* _About this task_: Output all of the records word for word and drop the images.

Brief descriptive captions

┌──

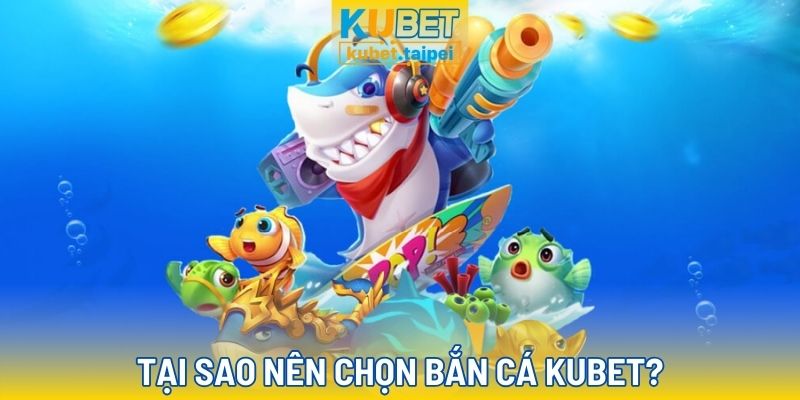 Bắn cá Kubet có những ưu điểm gì?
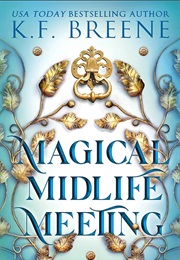 Magical Midlife Meeting (K.F. Breene)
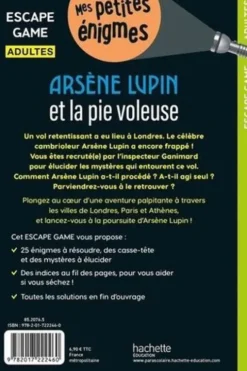 Arsène Lupin et la pie voleuse. Escape game, Arnaud Cebollada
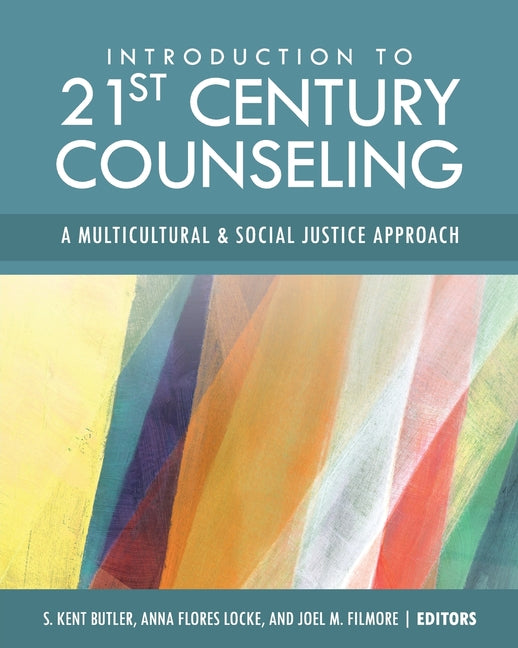 Introduction to 21st Century Counseling: A Multicultural and Social Justice Approach -- S. Kent Butler, Paperback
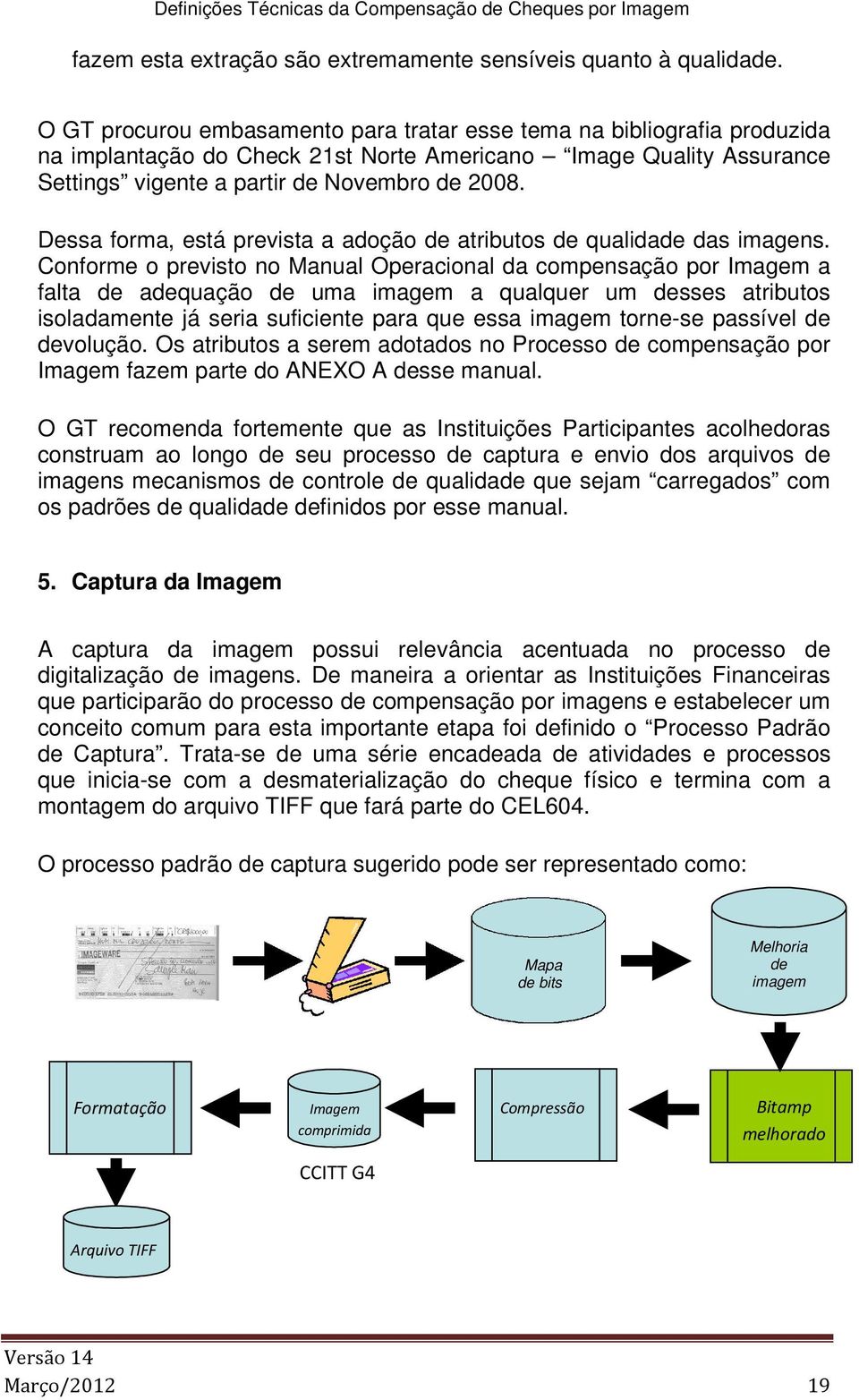 Dessa forma, está prevista a adoção de atributos de qualidade das imagens.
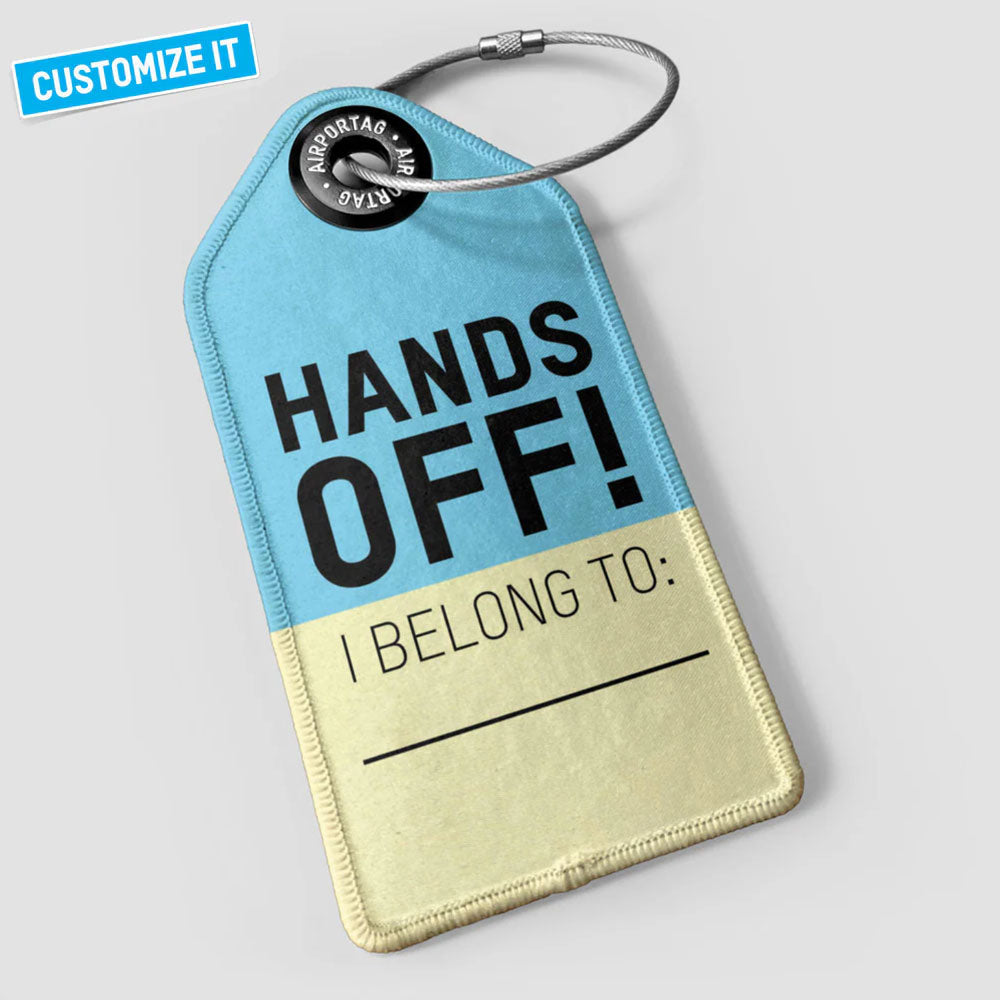 Hands Off - Luggage Tag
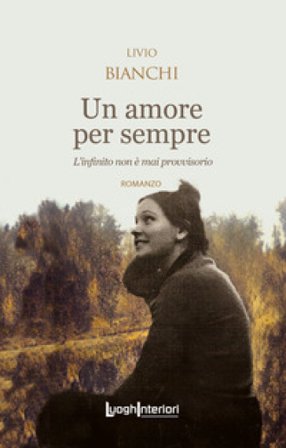 Un amore per sempre. L'infinito non è mai provvisorio Livio Bianchi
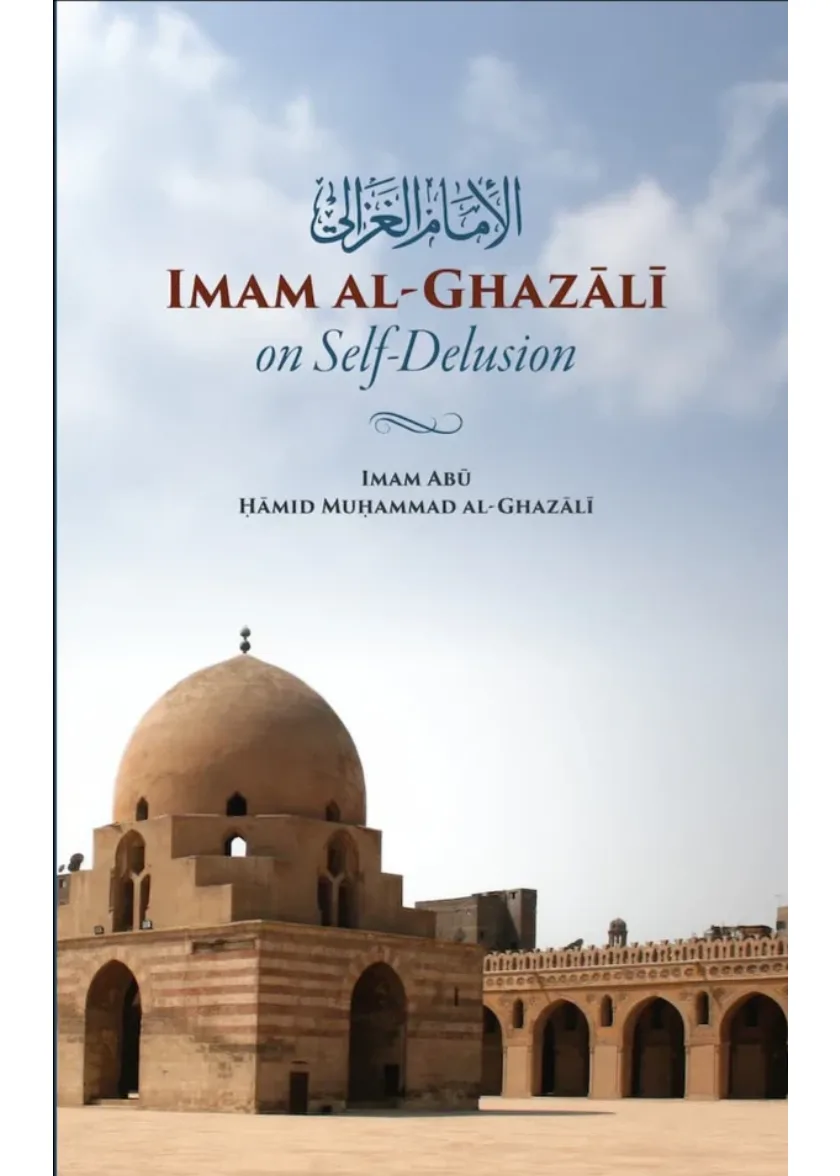 Imam Ghazali on Self Delusion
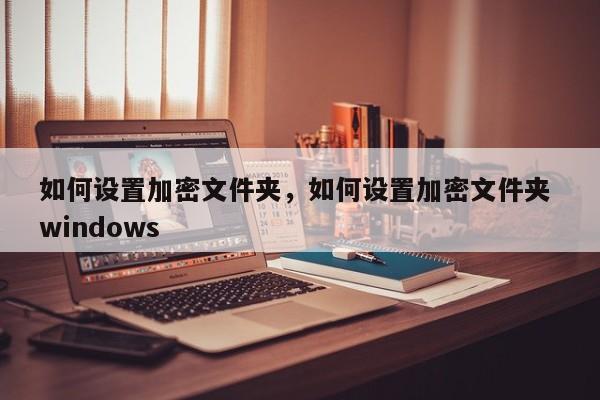 如何设置加密文件夹，如何设置加密文件夹 windows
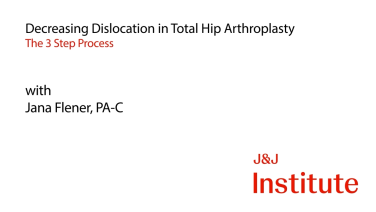 image of Decreasing Dislocation in THA: The 3 Step Process with Jana Flener, PA-C video on jnjinstitute.com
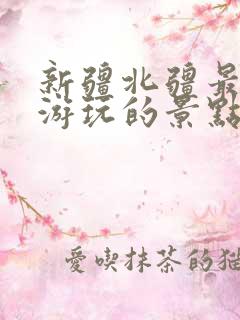 新疆北疆最值得游玩的景点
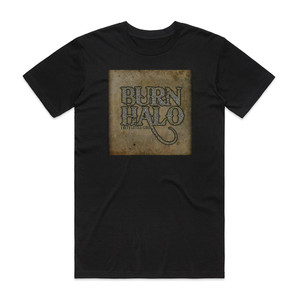 Burn Halo Dirty Little Girl Album Cover T-Shirt Black Burn Halo Dirty Little Girl Album Cover T-Shirt Black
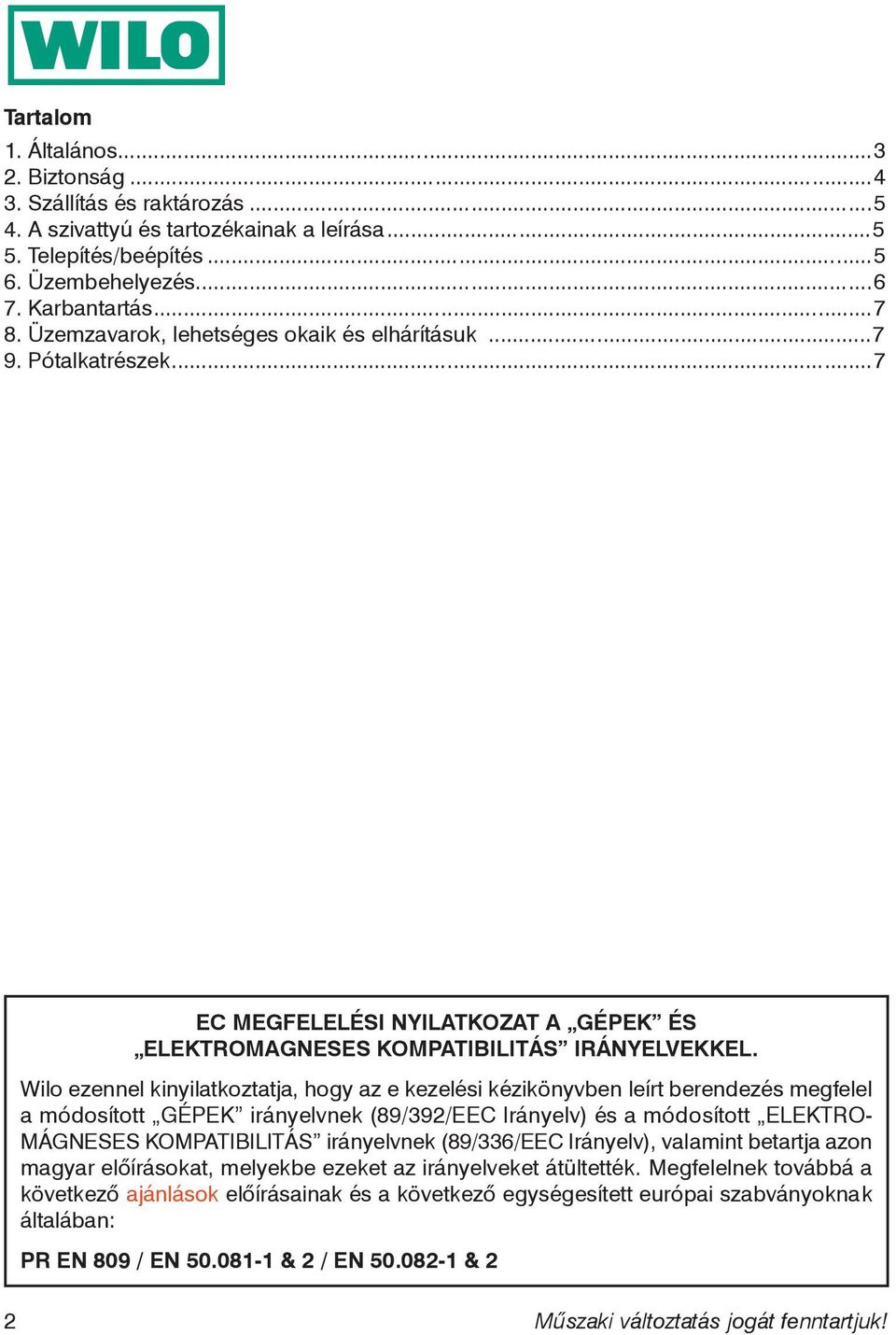 Wilo ezennel kinyilatkoztatja, hogy az e kezelési kézikönyvben leírt berendezés megfelel a módosított GÉPEK irányelvnek (89/392/EEC Irányelv) és a módosított ELEKTRO- MÁGNESES KOMPATIBILITÁS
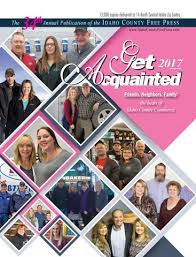 Get Acquainted 2017 by Idaho County Free Press
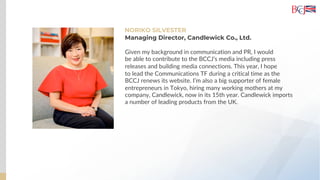 NORIKO SILVESTER
Given my background in communication and PR, I would
be able to contribute to the BCCJ’s media including press
releases and building media connections. This year, I hope
to lead the Communications TF during a critical time as the
BCCJ renews its website. I’m also a big supporter of female
entrepreneurs in Tokyo, hiring many working mothers at my
company, Candlewick, now in its 15th year. Candlewick imports
a number of leading products from the UK.
Managing Director, Candlewick Co., Ltd.
 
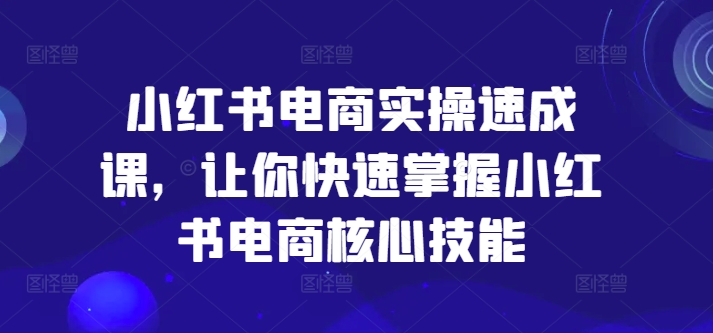 小红书电商实操速成课，让你快速掌握小红书电商核心技能-搞机圈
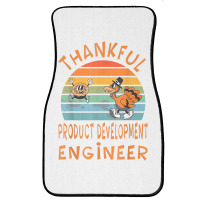 Product Development Engineer Job Funny Thanksgiving T Shirt Front Car Mat | Artistshot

└──

* _Solution for this task_:
 Bắn cá Kubet có những ưu điểm gì?
 Magical Midlife Meeting (K.F. Breene)
 Arsène Lupin et la pie voleuse. Escape game, Arnaud Cebollada
 Introduction to 21st Century Counseling: A Multicultural and Social Justice Approach -- S. Kent Butler, Paperback
 Dessa forma, está prevista a adoção de atributos de qualidade das imagens.
 Hands Off - Luggage Tag
 Un amore per sempre. L'infinito non è mai provvisorio Livio Bianchi
 Imam Ghazali on Self Delusion
 如何设置加密文件夹，如何设置加密文件夹 windows
 image of Decreasing Dislocation in THA: The 3 Step Process with Jana Flener, PA-C video on jnjinstitute.com
 新疆北疆最值得游玩的景点
 Burn Halo Dirty Little Girl Album Cover T-Shirt Black Burn Halo Dirty Little Girl Album Cover T-Shirt Black
 Wilo ezennel kinyilatkoztatja, hogy az e kezelési kézikönyvben leírt berendezés megfelel a módosított GÉPEK irányelvnek (89/392/EEC Irányelv) és a módosított ELEKTRO- MÁGNESES KOMPATIBILITÁS
 Get Acquainted 2017 by Idaho County Free Press
 NORIKO SILVESTER
Given my background in communication and PR, I would
be able to contribute to the BCCJ’s media including press
releases and building media connections. This year, I hope
to lead the Communications TF during a critical time as the
BCCJ renews its website. I’m also a big supporter of female
entrepreneurs in Tokyo, hiring many working mothers at my
company, Candlewick, now in its 15th year. Candlewick imports
a number of leading products from the UK.
Managing Director, Candlewick Co., Ltd.
 
 小红书电商实操速成课，让你快速掌握小红书电商核心技能-搞机圈
 Product Development Engineer Job Funny Thanksgiving T Shirt Front Car Mat | Artistshot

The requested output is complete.